• [Directions]: The answer must be an exact copy of the lines from the one with "CISCO ISR4351-SEC/K9 Front Panel" through the final line of the records below, with no pictures.

● ● ● ● ● ● ●

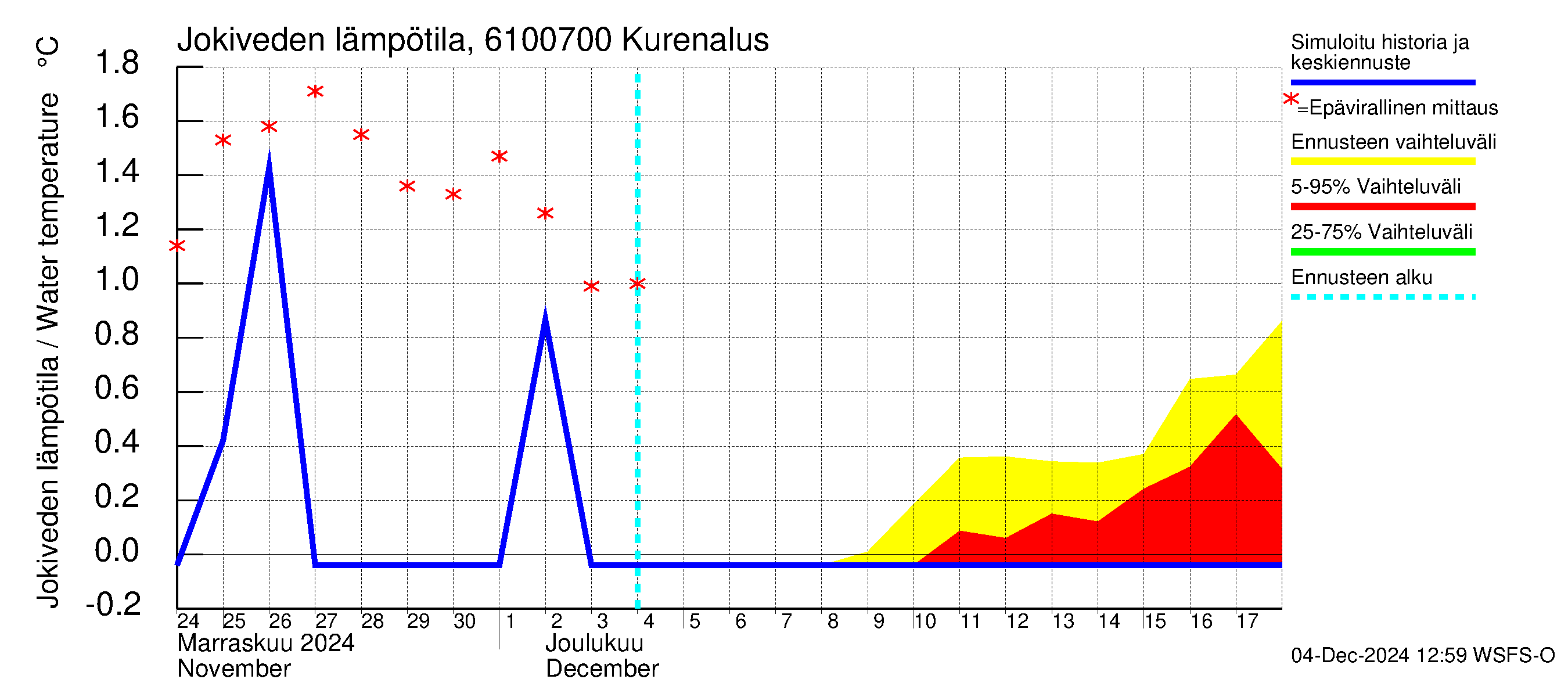 Iijoen vesistöalue - Kurenalus Jonku: Jokiveden lämpötila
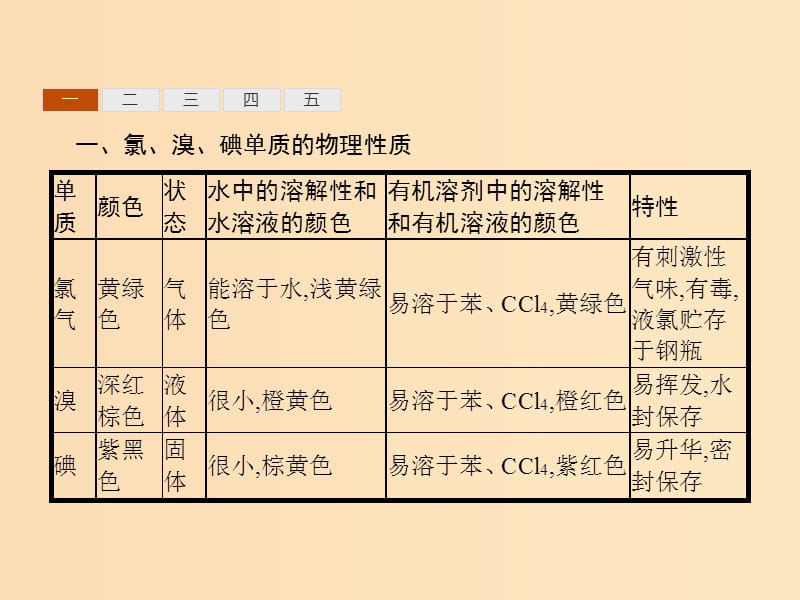 （浙江专用）2019年高考化学二轮复习 课时3 氯、溴、碘及其化合物课件 苏教版.ppt_第3页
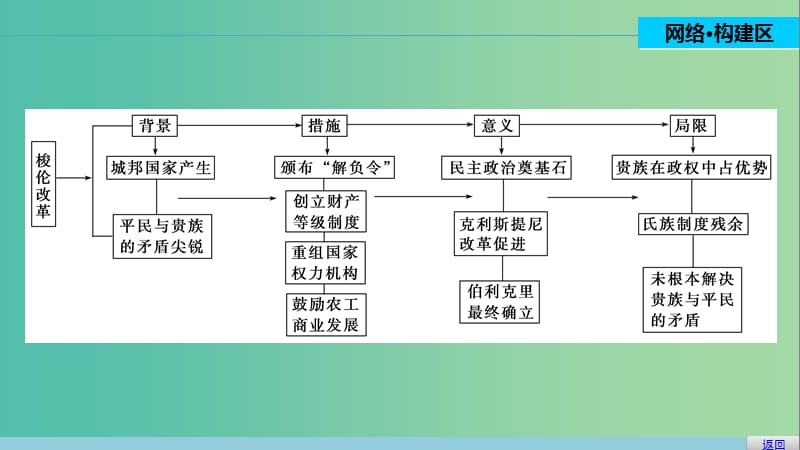 高中历史 第一单元 梭伦改革 4 单元学习总结课件 新人教版选修1.ppt_第2页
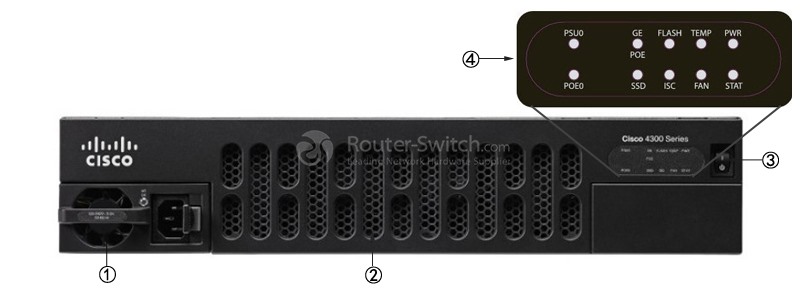 CISCO ISR4351-SEC/K9 Front Panel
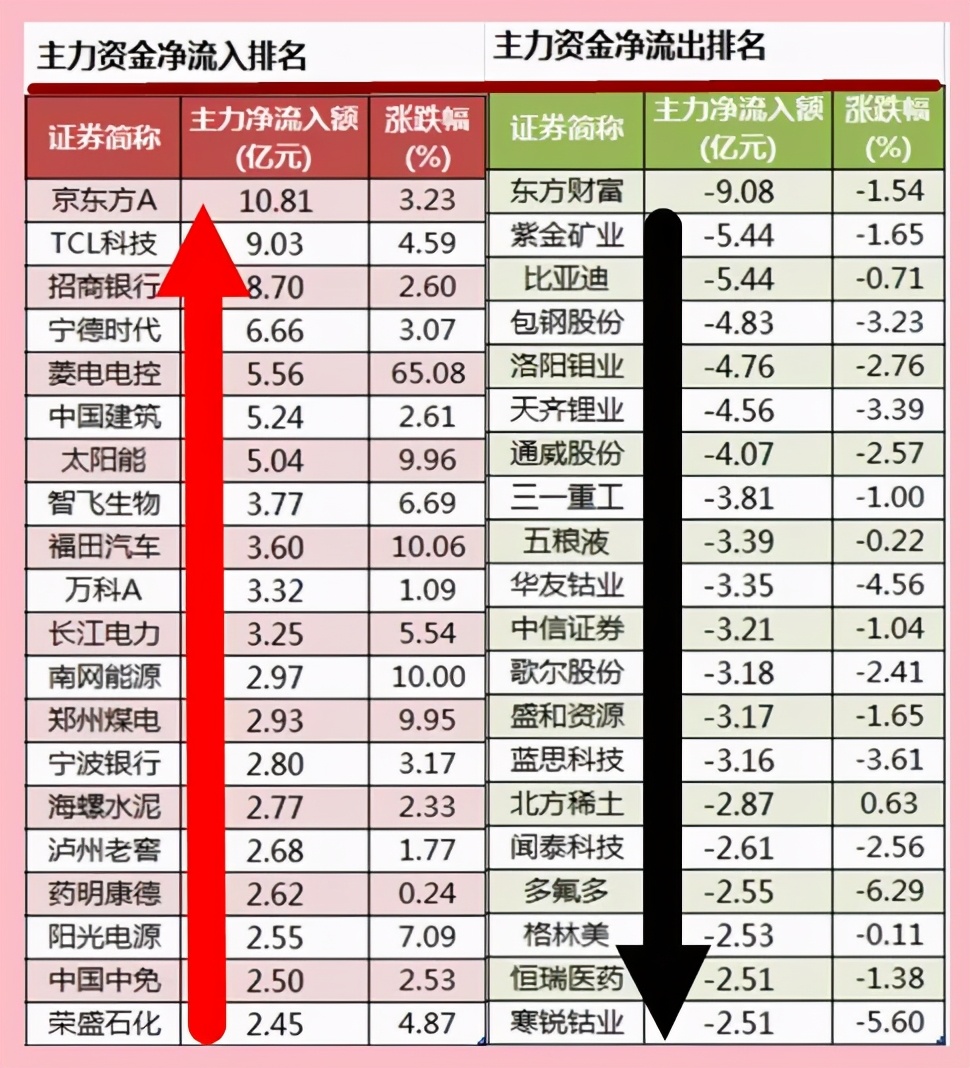 3.15 stock markets are early at 8 o'clock Piao A did not imagine so horribly
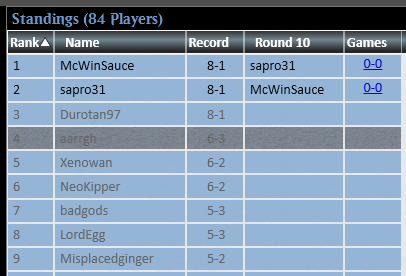 challenge top 4, new card sucked

<a href="/fireshoes/">Robert Taylor🔥</a>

● ● ● ● ● ● ●

• [Finished task]:
 CISCO ISR4351-SEC/K9 Front Panel
 3.15 stock markets are early at 8 o'clock Piao A did not imagine so horribly
 challenge top 4, new card sucked

<a href="/fireshoes/">Robert Taylor🔥</a>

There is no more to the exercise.